A federal judge has dismissed US President Donald Trump’s $10 billion defamation suit against the Wall Street Journal and its owners, including Rupert Murdoch. Judge Darrin P. Gayles said Trump failed to meet the “actual malice” standard required for public figures in defamation cases — proving a statement was false and that the publisher knew or should have known it was false.
“This complaint comes nowhere close to this standard,” Gayles wrote in a ruling released Monday local time. He added that the Journal’s reporters contacted Trump for comment and printed his denial, allowing readers to decide and undermining Trump’s claim of actual malice. The ruling did not determine whether the article’s allegations were true.
Trump filed the suit in July 2025 over a Journal article about a birthday book compiled for the late sex offender Jeffrey Epstein. The piece reported that a card containing sexually suggestive text and a marker sketch of a female figure bore Trump’s signature.
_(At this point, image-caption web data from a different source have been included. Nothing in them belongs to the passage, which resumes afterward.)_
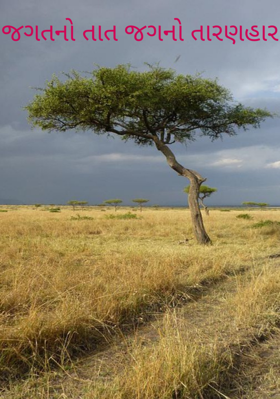 જગતનો તાત જગનો તારણહાર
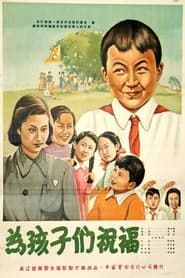 为孩子们祝福 (1953)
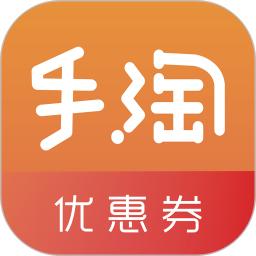 手淘優(yōu)惠券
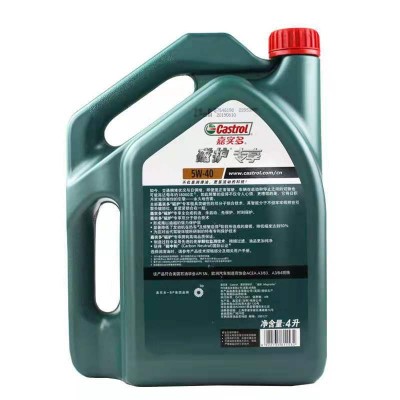 磁护专享全合成汽机油5W-40 4L汽车润滑油SN级四升图4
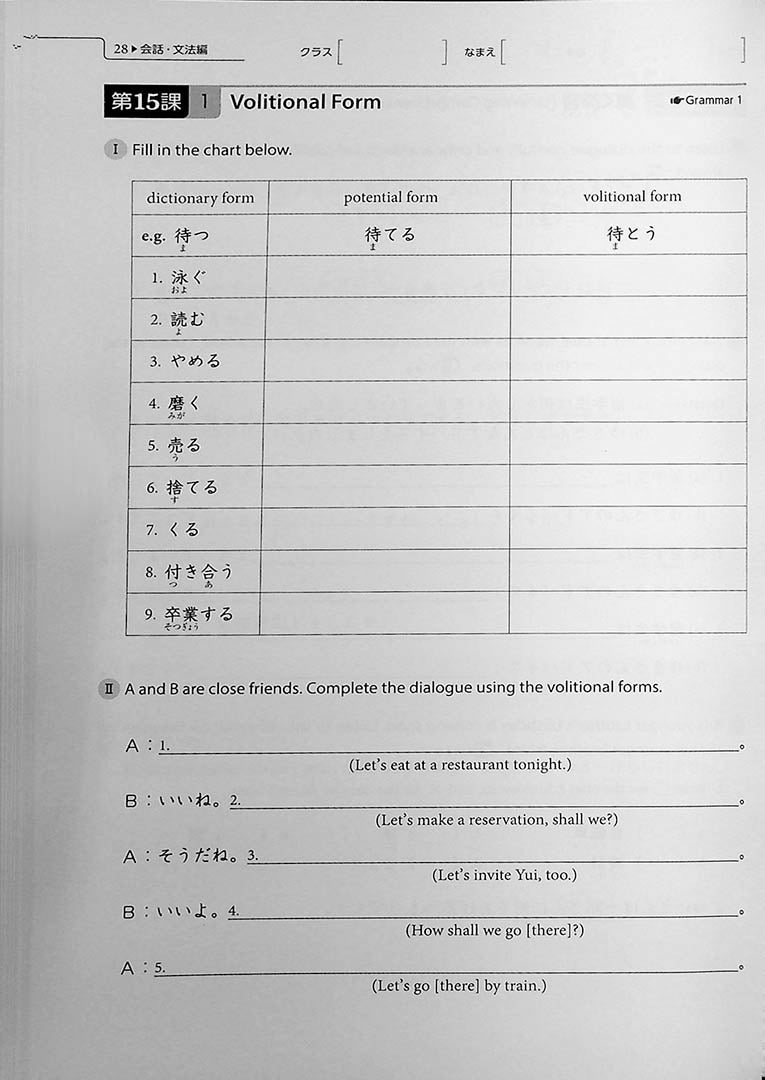 Genki 2: An Integrated Course in Elementary Japanese Third Edition Workbook Page 28
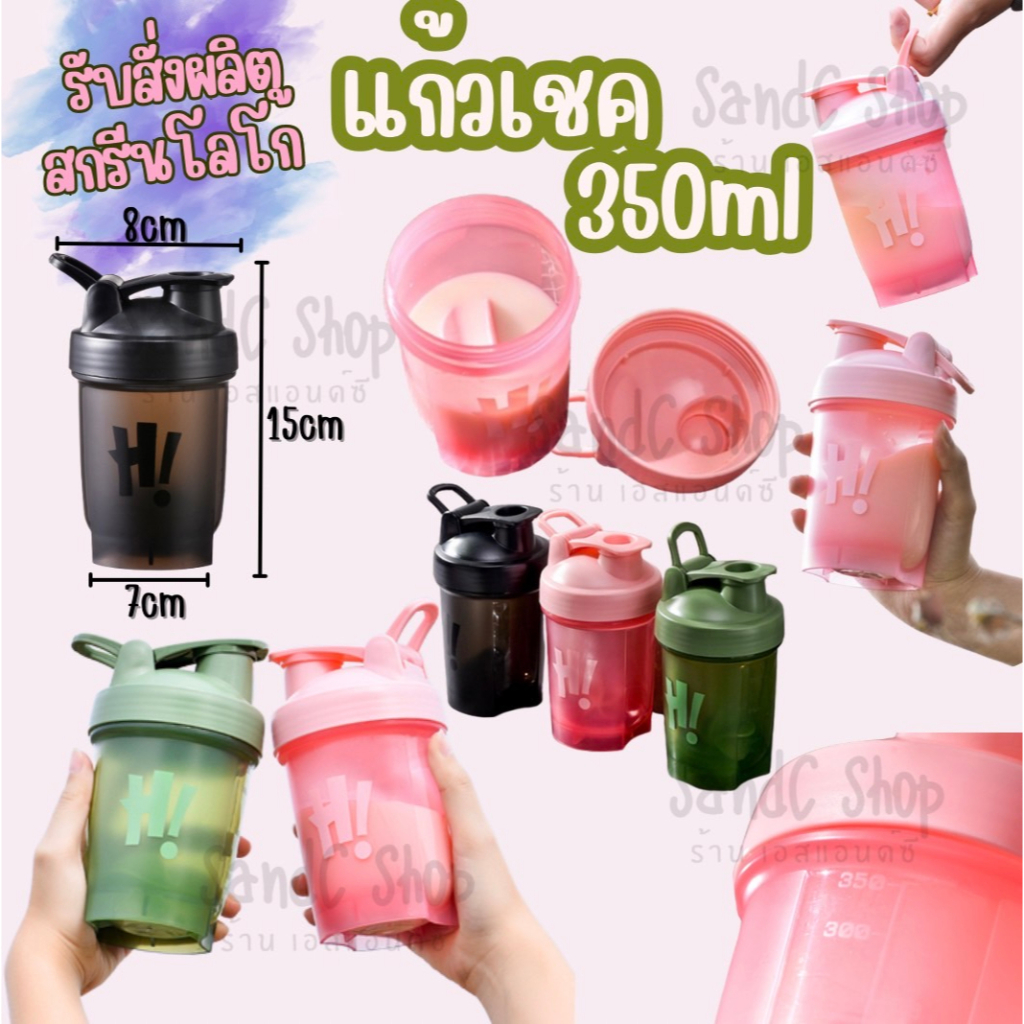 แก้วเชคH2005 350/500ml (shaker cup 350/500ml)  รุ่นเล็กน่ารักปุ๊กปิ๊ก🥰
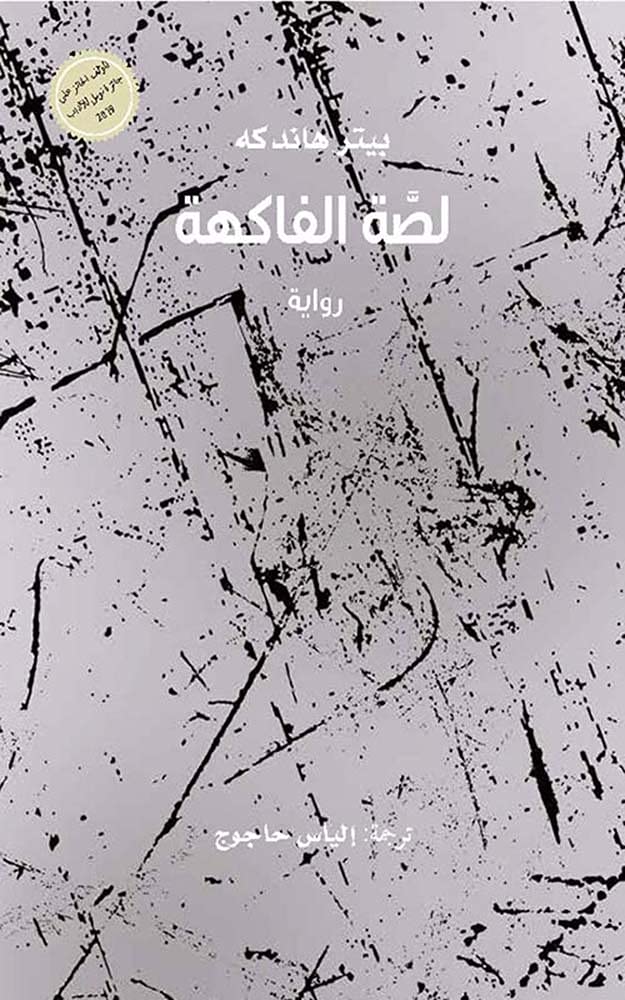 لصة الفاكهة (Arabic Edition) by Peter Handke | Goodreads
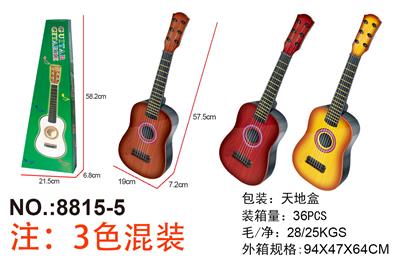 Emulated guitar (picture color) - OBL931640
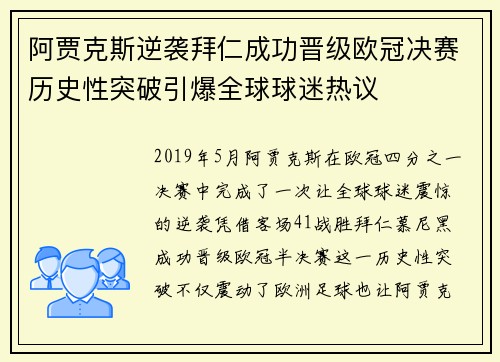 阿贾克斯逆袭拜仁成功晋级欧冠决赛历史性突破引爆全球球迷热议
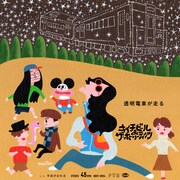 キイチビール＆ザ・ホーリーティッツ「透明電車が走る」ジャケット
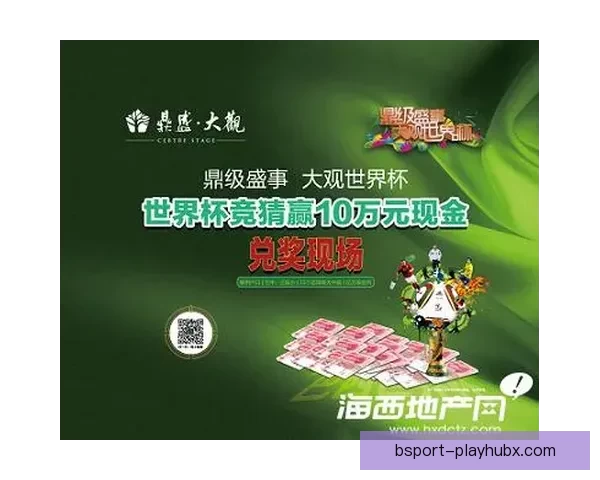 世界杯竞猜签到赢好礼精彩活动等你来参与领取丰富奖励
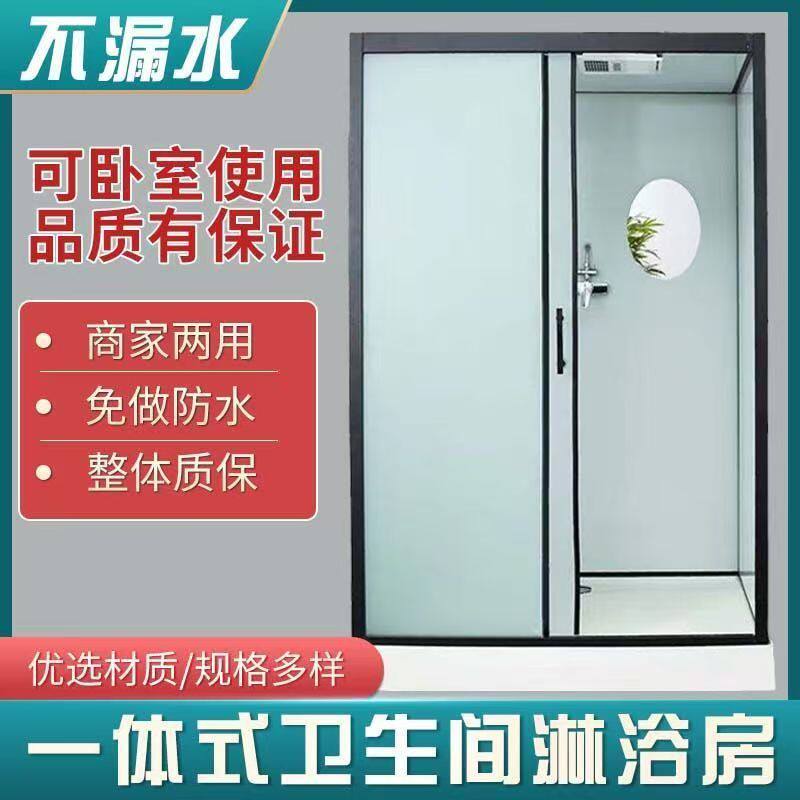 整体淋浴房家用一体式洗澡房农村民宿沐浴房宾馆工地浴室淋浴房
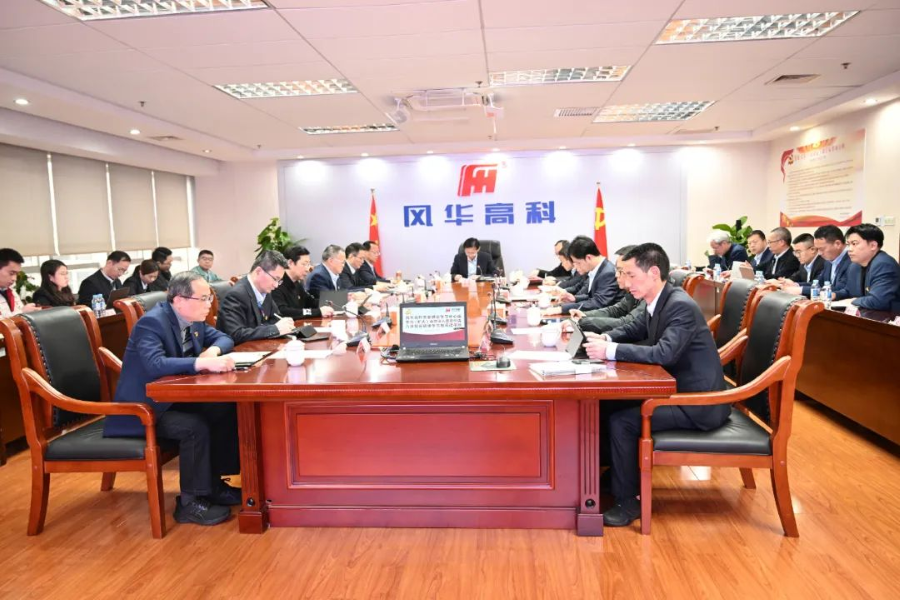 風(fēng)華高科召開黨委理論學(xué)習(xí)中心組學(xué)習(xí)(擴(kuò)大）會暨深入貫徹中央八項(xiàng)規(guī)定精神學(xué)習(xí)教育讀書班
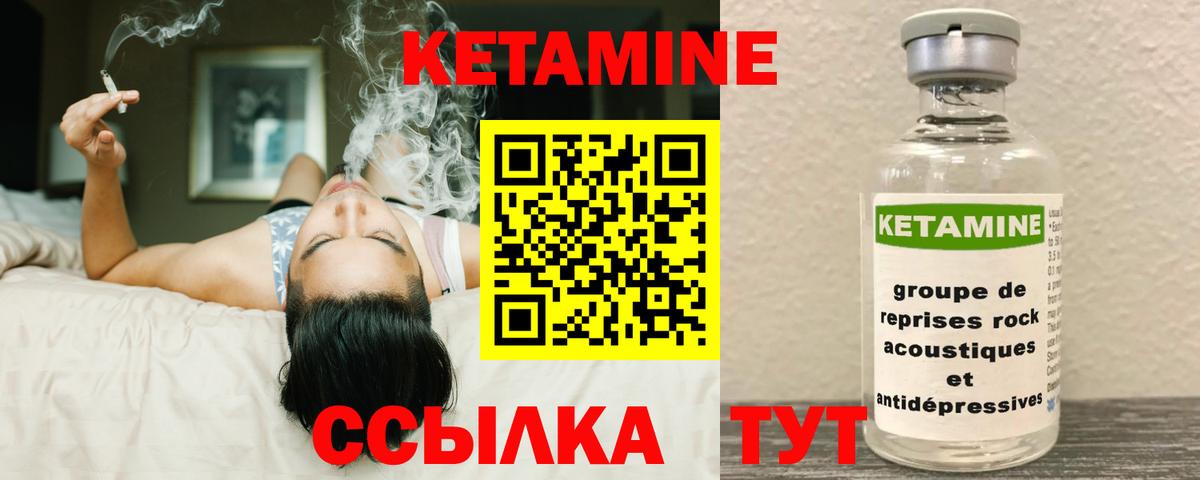 Нижнекамск  Кетамин VHQ  Вход с VPN 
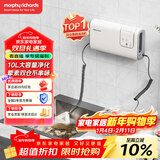 摩飞电器（Morphyrichards）果蔬清洗机 家用双仓有线洗菜机 蔬菜水果分类去农残净化机洗水果神器 MR2061 椰奶白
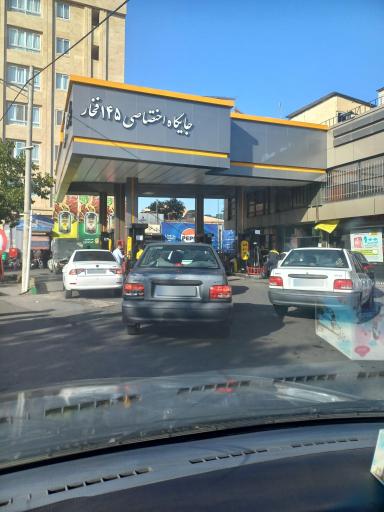 عکس پمپ بنزین ۱۴۵ فخار
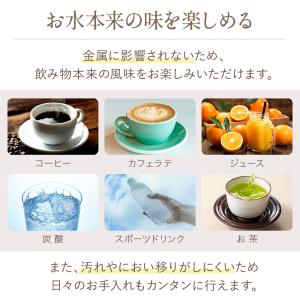 タンブラー セラミック ストロー 蓋付き 50...の詳細画像3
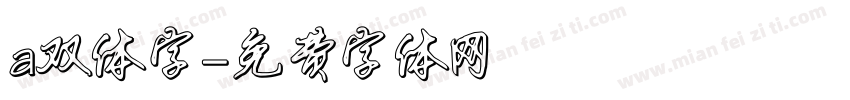 a双体字字体转换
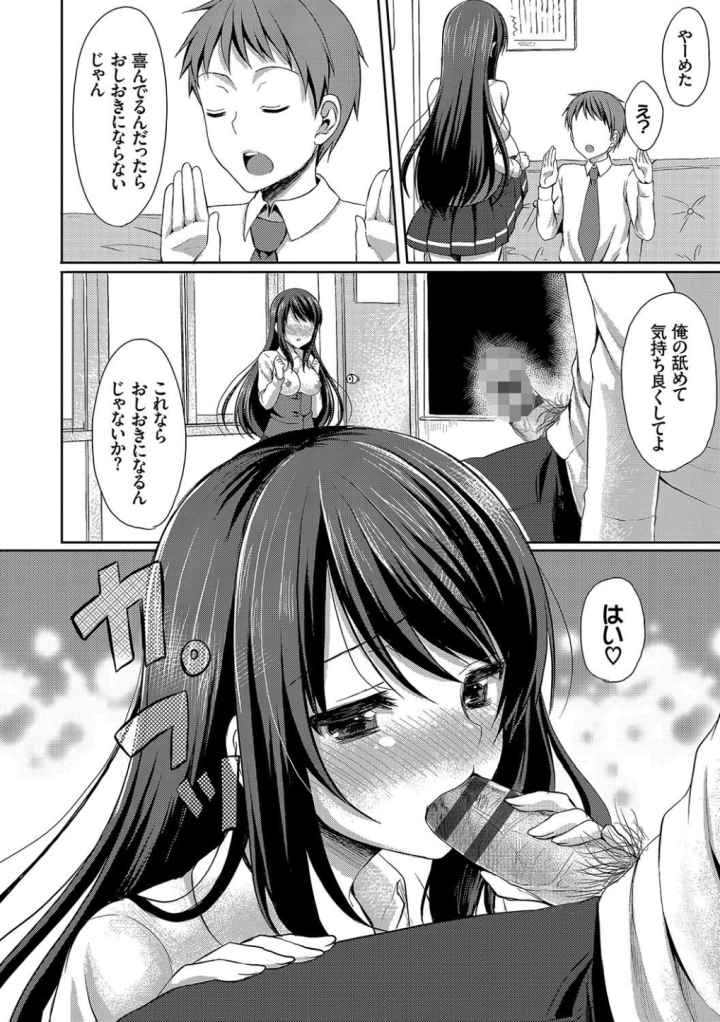 めろきゅん〜すきのじかん〜【FANZA限定版】のエロ漫画_9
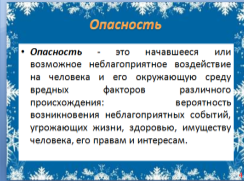 конспект урока для 6 класса «Осторожно! Зима!» или «Береги здоровье и жизнь смолоду!»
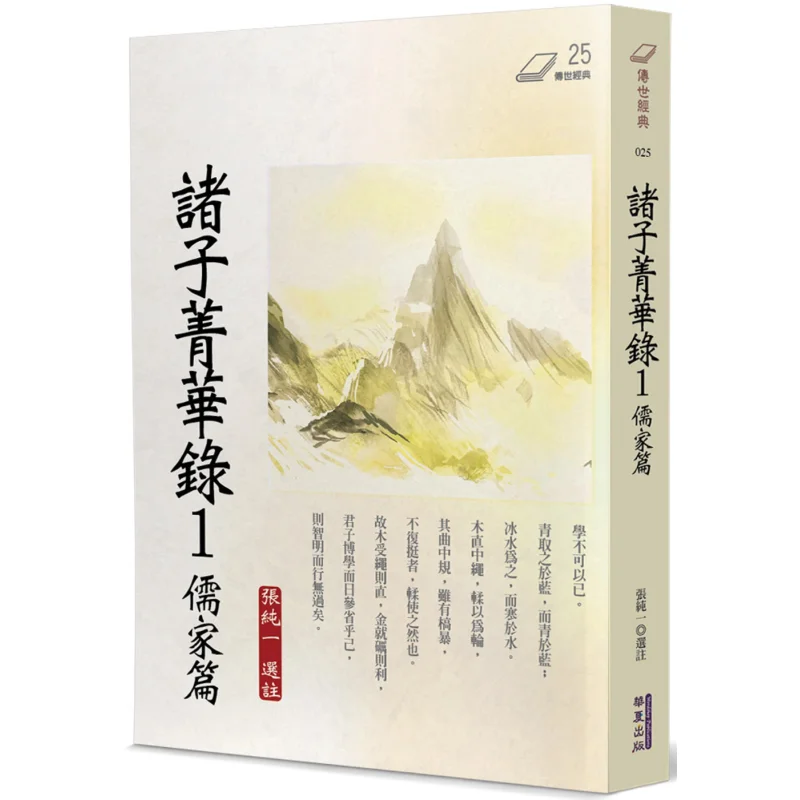 

Эссенция философов 1 Конфуцианство Чжан Чинь Хуакси Издательство Co LTD 9786267393895 Книга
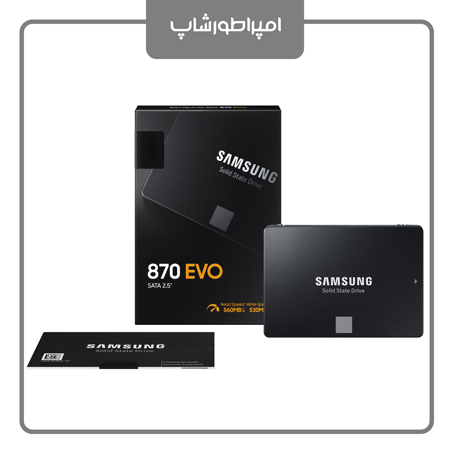 اس اس دی اینترنال سامسونگ Samsung 870 EVO 256GB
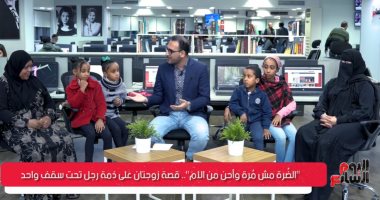 مدام أمل لتليفزيون اليوم السابع: لما ضرتى بتغيب بحس إن فيه حاجة نقصانى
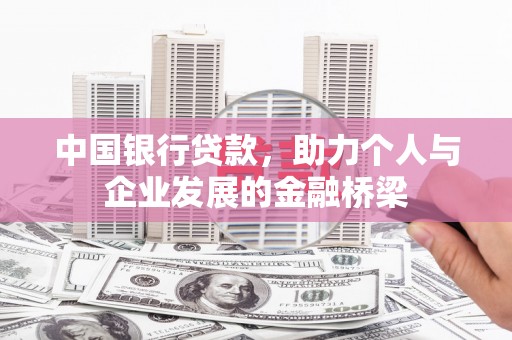 秀水中国银行贷款，助力个人与企业发展的金融桥梁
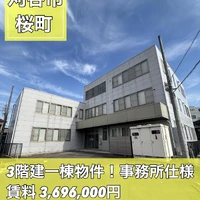 画像2332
Trump and his attorneys have maintained the card is fake.
After the ruling, Trump said he would file an updated complaint by April 27, the deadline set by the judge for an amended suit.
Trump’s ties to Epstein returned to the headlines after Melania Trump held a press conference denying connections to Epstein, who was awaiting trial on sex-trafficking charges at the time of his death.
Trump has also brought multiple defamation suits during his presidency against major news organizations, drawing concern from press-freedom advocates who say he may be using litigation to suppress critical coverage. Most recently he sued the BBC in November 2025 over allegedly misleading editing of a speech. He has also sued the New York Times and an Iowa newspaper; all have denied wrongdoing.